The electronic device as mentioned previously may be comprised of a plurality of image-capturing sensors and a plurality of various sensors. The plurality of image-capturing sensors and a plurality of various sensors are utilized for the determination of an object detected being an organic being by day of processing, by the processor, the sensor data captured by the plurality of image-capturing sensors and various sensors comprised of the electronic device. The determination of the detected object being an organic being as mentioned previously is by way of the electronic device performing a 2D/3D test on the detected person(s) (as illustrated at block 202), performing a liveness test on the detected person(s) (as illustrated at block 203), performing a position determination on the detected person(s) (as illustrated at block 204), and the like. The processor can make a determination of an object being an organic being by any individual test of the electronic device performing a 2D/3D test on the detected person(s), performing a liveness test on the detected person(s), performing a position determination on the detected person(s) or by any combination of the electronic device performing a 2D/3D test on the detected person(s), performing a liveness test on the detected person(s), performing a position determination on the detected person(s). Accordingly, the order and sequential nature illustrated in processor determination routine 200 is illustrative and should not be construed as limiting.
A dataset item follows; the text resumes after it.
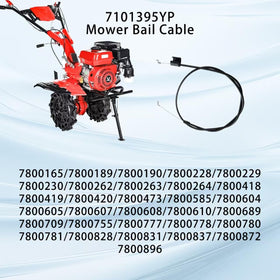 Aocies bail cable compatible with Briggs & Stratton mowers for reliable control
By way of the processors determination the person that was detected is an organic being and not a representation of an organic being, the processor includes the detected person(s) (at block 205) in the teleconference framing. An example of the teleconference framing can be observed as depicted in FIG. 3 the teleconference framing of Person 1 312, the teleconference framing of Person 2 313, the teleconferencing framing of Person 3 314, the teleconferencing framing of Person 4 315.



FIG. 3 illustrates the electronic device 311 with various objects 307, 308, and 309, and Organic beings Person 1 304, Person 2 303, Person 3 305, and Person 4 306 within the FOV 310. The digital screen 300 is displaying a video conferencing session where Person 5 301 is framed in the video conferencing call as they are participating remotely, a FOV 310 representation 302 of what is observed within the FOV 310 of an electronic device 311, and the result of a determination of an organic being by way of framing the detected organic being within the FOV 310 of the electronic device 311. The framed organic being within the FOV 310 of the electronic device 311 are the framing of Person 1 312, framing of Person 2 313, framing of Person 3 314, and framing of Person 4 315. As described in detail above, the determination of an object detected being an organic being is done by processing sensor data of a plurality of image-capturing sensors and/or a plurality of various sensor S1 317, sensor S2 320, sensor S3 318, and sensor Sn 319. Image capture sensor 316 is a mere depiction of an image capture sensor and should not be used to limit the use of only one image capture sensor as sensor S1 317, sensor S2 320, sensor S3 318, and sensor Sn 319 may also be used to represent a plurality of image capture sensors.


The framing of an organic being in the FOV 310 of the electronic device 311 is represented by the lack of framing of the various objects 307, 308, and 309. The sensor data utilized to determine the presence of an organic being is also utilized to remove from video framing objects that are not determined to be an organic being.



FIG. 4 illustrates the electronic device 423 with various objects 409, 410, and 411, Organic beings Person 1 404, Person 2 405, Person 3 406, and Person 4 408, digital screen 400, and representation of an organic being Mannequin 1 407, Mannequin 2 403, and Photo 1 417 within the FOV 412. As described in detail above, the determination of an object detected being an organic being is done by processing sensor data of a plurality of image-capturing sensors and/or a plurality of various sensors S1 418, S2 419, S3 420, and Sn 421. Image capture sensor 422 is a mere depiction of an image capture sensor and should not be used to limit the use of only one image capture sensor as S1 418, S2 419, S3 420, and Sn 421 may also be used to represent a plurality of image capture sensors. The processor processes the captured sensor data and determines to frame the organic beings within the FOV 412. The framed organic being within the FOV 412 of the electronic device 423 are the framing of Person 1 414, framing of Person 2 415, framing of Person 3 416, and framing of Person 4 417. The digital screen displays Person 5 401 framed as they are virtually participating in the conference call. The processor determined based on processing the sensor data, the representation of an organic being should not be framed as the lack of framing of Mannequin 1 407, Mannequin 2 403, and Photo 1 417 represents the determination of a representation of an organic being.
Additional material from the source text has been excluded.